Viral and bacterial infections may trigger a series of changes in the body that pave the way for the eventual development of Alzheimer’s disease, according to a new study. The research builds upon previous evidence linking this type of dementia with inflammation, finding that such neuroinflammation can result when the immune system is triggered by the invading pathogens. Key to the findings is a link between this inflammation and the depositing of amyloid plaques in the brain.
The new study comes from the Memorial Sloan Kettering Cancer Center, where researchers found that viral and bacterial infections, the immune system, neuroinflammation, and the build-up of plaques leading to Alzheimer’s disease may all be linked. According to the institute, this study represents a ‘direct link’ between the build-up of these plaques and the body’s immune response to such infections.

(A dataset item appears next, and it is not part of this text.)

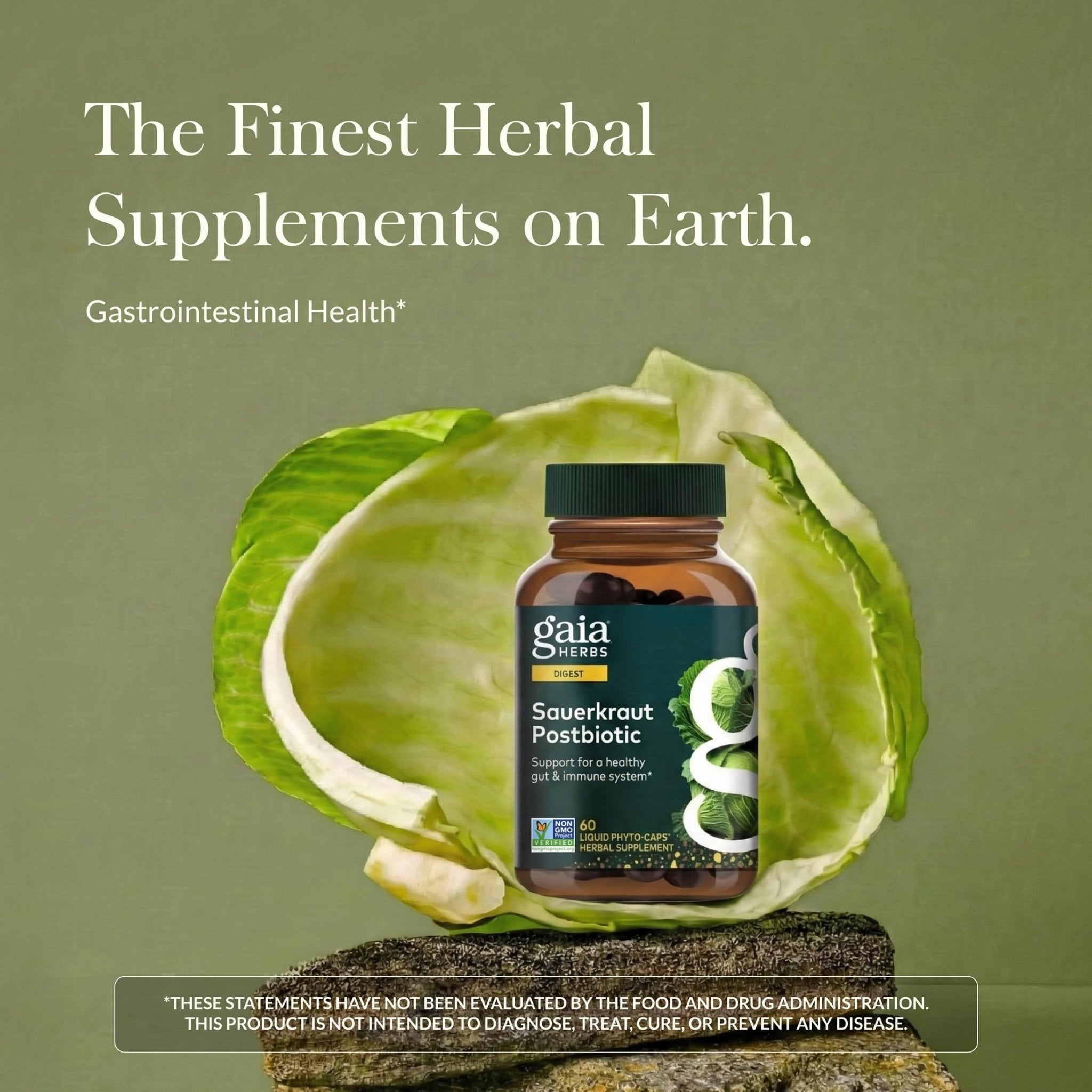 Gaia Herbs Sauerkraut Postbiotic - Gut Health & Immune Support Supplement* - Made with Fermented Sauerkraut - Free from Dairy, Soy & Gluten - 60 Vegan Liquid Phyto-Caps (30 Servings) - OzHealthStandard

This study has linked the IFITM3 protein, which is triggered by the activation of the immune system in response to infections, to the accumulation of beta-amyloid plaques in the brain. These plaques have been strongly linked with Alzheimer’s disease in past research, though work is still underway to fully understand them, what triggers the accumulation, and the overall role they play in this type of dementia.

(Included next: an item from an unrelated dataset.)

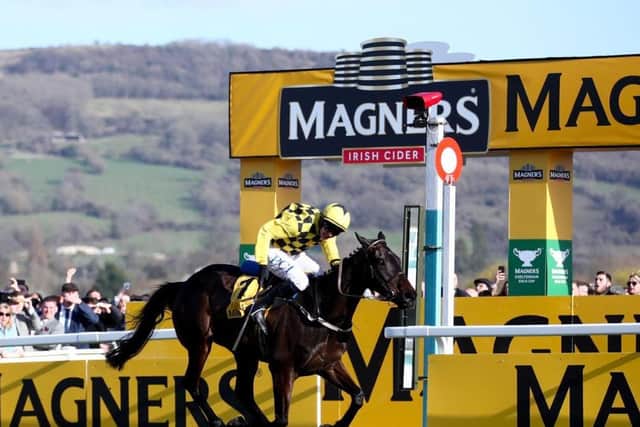 Al Boum Photo and Paul Townend pass the finish line to retain the Magners Gold Cup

This most recent study involved mice, which were found to have increasing levels of the IFITM3 protein and inflammation markers as they got older. Likewise, a particular subset of patients suffering from late-onset Alzheimer’s disease was found to have increased levels of IFITM3, indicating that this may be a biomarker for the condition. In mice, the study found that removing IFITM3 decreased the activity of an enzyme and ultimately decreased the build-up on Alzheimer’s-linked plaques in the brain.
Sloan Kettering Institute chemical biologist Yue-Ming Li said:
We’ve known that the immune system plays a role in Alzheimer’s disease — for example, it helps to clean up beta-amyloid plaques in the brain. But this is the first direct evidence that immune response contributes to the production of beta-amyloid plaques — the defining feature of Alzheimer’s disease.